Genetic polymorphisms of microsomal epoxide hydroxylase and glutathione S-transferases M1, T1 and P1, interactions with smoking, and risk for esophageal (Barrett) adenocarcinoma

Background: The aim of this case-control study was to test the hypothesis that polymorphisms of the microsomal epoxide hydroxylase (mEH) and glutathione S-transferase (GST) genes modulate the susceptibility to esophageal adenocarcinoma (EADC) associated with smoking.

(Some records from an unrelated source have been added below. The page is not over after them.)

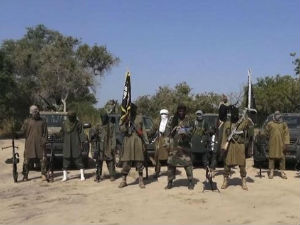 Боко харам одвео 500 деце из Дамасака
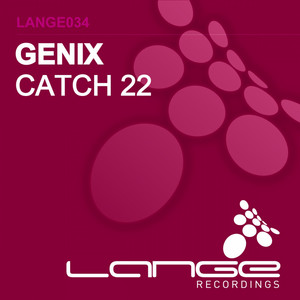 Catch 22 (Original Mix) cover art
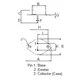 STMicroelectronics2N3055Transistors - Bipolar (BJT) - Single Dimensions_1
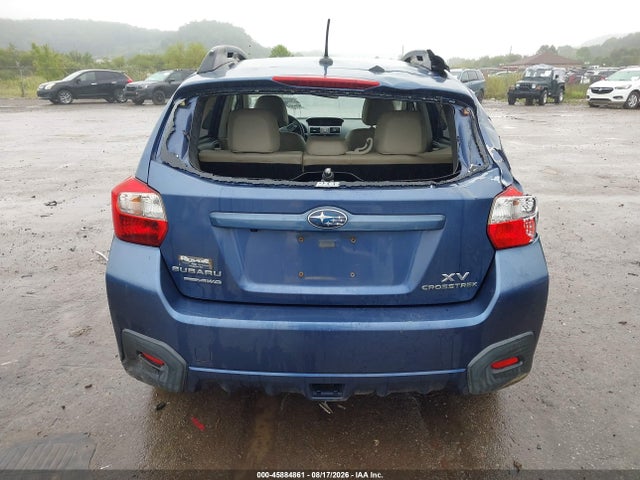Продаж на аукціоні авто 2013 Subaru Xv Crosstrek 2.0i Limited, vin: JF2GPAKCXD2892020, номер лоту: 45884861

Methods: Cases included patients with gastroesophageal reflux disease (GERD) (n = 126), Barrett esophagus (BE) (n = 125), and EADC (n = 56); controls comprised 95 strictly asymptomatic individuals. Genomic DNA was extracted from blood samples, and PCR-based assays were used to genotype mEH (slow allele, fast allele, predicted activity) and GSTM1, GSTT1 and GSTP1. Logistic regression was used to study associations between smoking and genotype, adjusting for age, gender and alcohol consumption. Results: Relative to asymptomatic controls, no significant differences were found for the distribution of mEH and GST polymorphic variants in cases with GERD, BE or EADC. Smoking was a risk factor for EADC, especially when cigarette exposure was greater than 30 pack-years (adjusted odds ratio [OR] 6.11, 95% confidence interval [CI] 2.2–17.32; P = 0.001). The strong association between smoking and EADC was seen preferentially in patients with the active allele of either GSTM1 (OR 7.9, 95% CI 1.14–54.76; P = 0.003) or GSTT1 (OR 3.2, 95% CI 1.23–8.35; P = 0.004). Conclusions: Cigarette smoking is an independent risk factor for EADC, and in particular for heavy smokers. The strong statistical association between smoking and risk for EADC in individuals with the active allele of either GSTM1 or GSTT1 may have potential clinical application in endoscopic surveillance programs to identify individuals with BE at increased risk for progression to EADC.